For $t=0.5$ (2) becomes
\begin{align}
&0.5(e^{x_1} + e^{x_2}) – e^{0.5(x_1 + x_2)} = 0 \tag{3}\\
\Longleftrightarrow \quad &e^{x_1} + e^{x_2} – 2e^{0.5(x_1 + x_2)} = 0 \tag{4}\\
\Longleftrightarrow \quad &(e^{0.5 x_1} – e^{0.5 x_2})^2 = 0 \tag{5}
\end{align}
where (5) is a contradiction (do you guys use any symbols for that matter?) and thus $S$ is not convex.
- Can we verify the statement in a general manner with $t$ being free?
Now show that $S' = \{(x,y) : y \geq e^x\}$ is convex. (5) then becomes
\begin{align}
(e^{0.5 x_1} – e^{0.5 x_2})^2 \geq 0 \tag{6}
\end{align}
which is true and thus $S'$ is convex. Again, I'd like to show this in a rather general way.
Edit
I added 'If it is not convex, give a counterexample.' to the title. I was just wondering if we can construct a general counterexample without specifying some values for $x_1,x_2,y_1,y_2$ and $t$.
Best Answer
It is not convex. $(-1,{1 \over e}), (1,e) \in S$, but ${1 \over 2} ((-1,{1 \over e})+ (1,e)) = (0, {1 \over 2}(e+{1 \over e})) \notin S$.

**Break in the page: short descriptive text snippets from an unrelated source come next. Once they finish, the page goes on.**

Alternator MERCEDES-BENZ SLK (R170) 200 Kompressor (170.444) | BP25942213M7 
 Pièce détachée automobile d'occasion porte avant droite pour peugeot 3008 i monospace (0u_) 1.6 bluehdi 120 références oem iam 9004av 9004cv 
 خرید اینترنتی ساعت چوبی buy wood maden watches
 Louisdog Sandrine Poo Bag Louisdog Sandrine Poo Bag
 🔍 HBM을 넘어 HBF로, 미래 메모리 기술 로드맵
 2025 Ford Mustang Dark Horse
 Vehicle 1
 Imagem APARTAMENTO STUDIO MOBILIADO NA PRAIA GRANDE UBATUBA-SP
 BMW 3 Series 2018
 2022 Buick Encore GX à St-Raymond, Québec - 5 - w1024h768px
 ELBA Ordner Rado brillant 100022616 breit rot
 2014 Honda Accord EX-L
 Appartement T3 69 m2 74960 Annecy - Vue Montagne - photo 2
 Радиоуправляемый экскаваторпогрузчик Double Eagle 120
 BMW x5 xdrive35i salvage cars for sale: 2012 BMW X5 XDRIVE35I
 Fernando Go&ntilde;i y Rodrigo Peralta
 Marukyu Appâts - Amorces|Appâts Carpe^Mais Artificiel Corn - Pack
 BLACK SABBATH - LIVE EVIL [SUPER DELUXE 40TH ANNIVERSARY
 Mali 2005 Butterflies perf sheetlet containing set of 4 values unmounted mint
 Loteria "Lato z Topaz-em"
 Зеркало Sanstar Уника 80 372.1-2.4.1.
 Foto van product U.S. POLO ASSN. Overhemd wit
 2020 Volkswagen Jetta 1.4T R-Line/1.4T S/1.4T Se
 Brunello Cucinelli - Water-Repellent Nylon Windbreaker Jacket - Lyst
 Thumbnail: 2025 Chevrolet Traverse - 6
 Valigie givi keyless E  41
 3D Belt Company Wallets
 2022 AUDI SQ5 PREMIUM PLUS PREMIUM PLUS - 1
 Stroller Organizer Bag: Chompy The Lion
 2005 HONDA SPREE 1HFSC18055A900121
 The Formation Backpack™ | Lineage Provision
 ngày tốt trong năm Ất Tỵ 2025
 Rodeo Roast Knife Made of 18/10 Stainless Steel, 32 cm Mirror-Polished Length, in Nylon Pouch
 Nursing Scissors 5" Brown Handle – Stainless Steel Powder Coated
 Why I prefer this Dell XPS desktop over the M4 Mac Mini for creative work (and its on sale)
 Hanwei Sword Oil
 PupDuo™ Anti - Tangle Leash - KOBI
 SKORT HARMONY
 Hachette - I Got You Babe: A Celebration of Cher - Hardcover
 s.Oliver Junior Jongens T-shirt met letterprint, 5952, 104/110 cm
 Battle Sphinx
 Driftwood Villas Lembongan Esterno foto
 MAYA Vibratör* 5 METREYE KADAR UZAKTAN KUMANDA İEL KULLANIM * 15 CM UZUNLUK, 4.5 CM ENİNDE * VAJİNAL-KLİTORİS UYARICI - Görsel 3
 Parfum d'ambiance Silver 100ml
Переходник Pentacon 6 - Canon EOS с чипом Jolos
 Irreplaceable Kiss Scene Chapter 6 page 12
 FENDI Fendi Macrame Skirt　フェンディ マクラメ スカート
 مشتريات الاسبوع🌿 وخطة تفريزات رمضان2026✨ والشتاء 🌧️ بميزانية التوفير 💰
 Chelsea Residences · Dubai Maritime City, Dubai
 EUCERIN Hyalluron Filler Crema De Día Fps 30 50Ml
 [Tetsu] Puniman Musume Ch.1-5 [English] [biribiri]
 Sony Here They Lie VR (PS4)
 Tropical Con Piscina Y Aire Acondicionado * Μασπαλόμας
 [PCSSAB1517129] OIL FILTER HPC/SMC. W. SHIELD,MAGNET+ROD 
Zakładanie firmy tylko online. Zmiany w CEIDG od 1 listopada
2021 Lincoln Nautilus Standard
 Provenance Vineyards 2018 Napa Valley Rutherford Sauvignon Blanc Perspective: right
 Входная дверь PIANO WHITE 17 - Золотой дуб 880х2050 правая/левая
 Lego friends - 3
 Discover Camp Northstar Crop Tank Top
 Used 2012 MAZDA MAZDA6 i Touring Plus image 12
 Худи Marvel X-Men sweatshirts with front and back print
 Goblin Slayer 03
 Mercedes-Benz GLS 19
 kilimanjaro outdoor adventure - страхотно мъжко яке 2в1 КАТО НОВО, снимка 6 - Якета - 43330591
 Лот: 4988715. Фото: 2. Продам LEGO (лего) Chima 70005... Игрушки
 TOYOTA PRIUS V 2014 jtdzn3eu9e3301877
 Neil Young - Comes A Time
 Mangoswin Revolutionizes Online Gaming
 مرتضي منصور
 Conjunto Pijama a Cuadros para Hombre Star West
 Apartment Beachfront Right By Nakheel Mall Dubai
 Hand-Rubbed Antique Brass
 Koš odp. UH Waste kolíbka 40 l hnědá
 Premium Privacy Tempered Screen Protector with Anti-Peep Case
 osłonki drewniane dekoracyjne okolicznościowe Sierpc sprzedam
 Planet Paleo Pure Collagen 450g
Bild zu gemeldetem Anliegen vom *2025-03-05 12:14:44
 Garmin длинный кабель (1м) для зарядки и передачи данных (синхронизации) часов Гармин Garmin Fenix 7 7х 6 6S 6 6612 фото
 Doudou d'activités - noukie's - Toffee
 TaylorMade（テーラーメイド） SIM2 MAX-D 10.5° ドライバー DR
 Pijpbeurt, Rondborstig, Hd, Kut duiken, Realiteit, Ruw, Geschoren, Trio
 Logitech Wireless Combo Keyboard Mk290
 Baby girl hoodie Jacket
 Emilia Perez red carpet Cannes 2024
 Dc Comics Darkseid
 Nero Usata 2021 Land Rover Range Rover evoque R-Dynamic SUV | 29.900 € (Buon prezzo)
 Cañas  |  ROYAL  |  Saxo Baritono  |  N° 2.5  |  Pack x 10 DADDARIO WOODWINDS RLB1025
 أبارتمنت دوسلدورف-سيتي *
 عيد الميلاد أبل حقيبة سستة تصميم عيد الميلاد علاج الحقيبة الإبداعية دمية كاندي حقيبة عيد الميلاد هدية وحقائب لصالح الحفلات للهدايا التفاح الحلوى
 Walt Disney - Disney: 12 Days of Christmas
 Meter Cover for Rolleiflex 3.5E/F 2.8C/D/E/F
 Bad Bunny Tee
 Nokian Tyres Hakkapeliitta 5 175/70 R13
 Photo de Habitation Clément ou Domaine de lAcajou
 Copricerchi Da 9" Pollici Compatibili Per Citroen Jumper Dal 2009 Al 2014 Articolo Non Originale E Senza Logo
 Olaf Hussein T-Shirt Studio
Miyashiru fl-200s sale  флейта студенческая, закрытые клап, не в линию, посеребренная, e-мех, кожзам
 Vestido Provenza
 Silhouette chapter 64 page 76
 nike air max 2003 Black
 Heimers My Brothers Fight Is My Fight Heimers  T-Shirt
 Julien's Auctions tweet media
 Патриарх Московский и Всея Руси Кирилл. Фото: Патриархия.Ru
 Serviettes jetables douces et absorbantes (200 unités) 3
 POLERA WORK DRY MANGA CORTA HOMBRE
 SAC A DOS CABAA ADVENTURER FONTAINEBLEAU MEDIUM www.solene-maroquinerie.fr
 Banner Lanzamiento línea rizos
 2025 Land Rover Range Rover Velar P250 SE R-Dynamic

Suppose $(x_1,y_1),(x_2,y_2) \in S'$ and $\lambda \in [0,1]$. If $f(x) = e^x$ we see that $f''(x) >0$, hence $f$ is convex function. Then $e^{\lambda x_1+(1-\lambda) x_2} \le \lambda e^{x_1} + (1-\lambda) e^{x_2}$ and so we have $e^{\lambda x_1+(1-\lambda) x_2} \le \lambda e^{x_1} + (1-\lambda) e^{x_2} \le \lambda y_1+(1-\lambda) y_2$ and so we see that $({\lambda x_1+(1-\lambda) x_2}, (\lambda y_1+(1-\lambda) y_2)) \in S'$ and so $S'$ is convex.